The aim of this study was to evaluate the airway levels of VEGF, angiogenin, IL-8, and TNF-α in COPD patients during the stable phase and during acute exacerbation of the disease.

We analyzed induced sputum samples from 28 COPD patients. Thirteen of these patients were followed up and second samples of sputum were obtained during acute exacerbation of the disease. The two control groups consisted of 12 healthy smokers and 7 healthy nonsmokers, all with normal lung-function tests.

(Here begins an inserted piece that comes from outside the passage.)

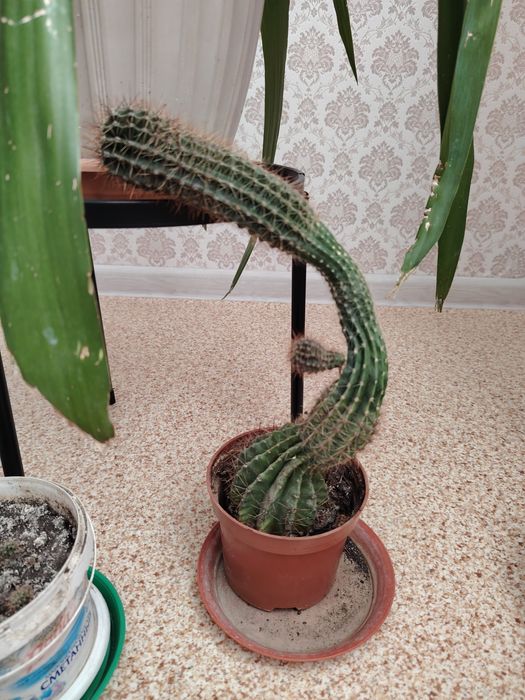 Продам Кактус домашний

Concentrations of VEGF, angiogenin, IL8, TNF-α, and bFGF were measured by Cytometric Bead Array. In the induced sputum of patients with stable COPD, concentrations of VEGF (p < 0.001, p = 0.02), angiogenin (p < 0.0001, p < 0.0001), IL-8 (p < 0.0001, p = 0.0021), and TNF-α (p < 0.001, p = 0.03) were significantly elevated in comparison to healthy smokers and nonsmokers. No additional elevation of angiogenic factors was demonstrated at the time of exacerbation. There was a significant negative correlation between FEV1 and VEGF (p < 0.05, r = -0.38), angiogenin (p < 0.0001, r = -0.68), and IL-8 (p < 0.001, r = -0.54) among smokers (smoking COPD patients and healthy smokers). No significant differences were observed between groups of healthy smokers and nonsmokers.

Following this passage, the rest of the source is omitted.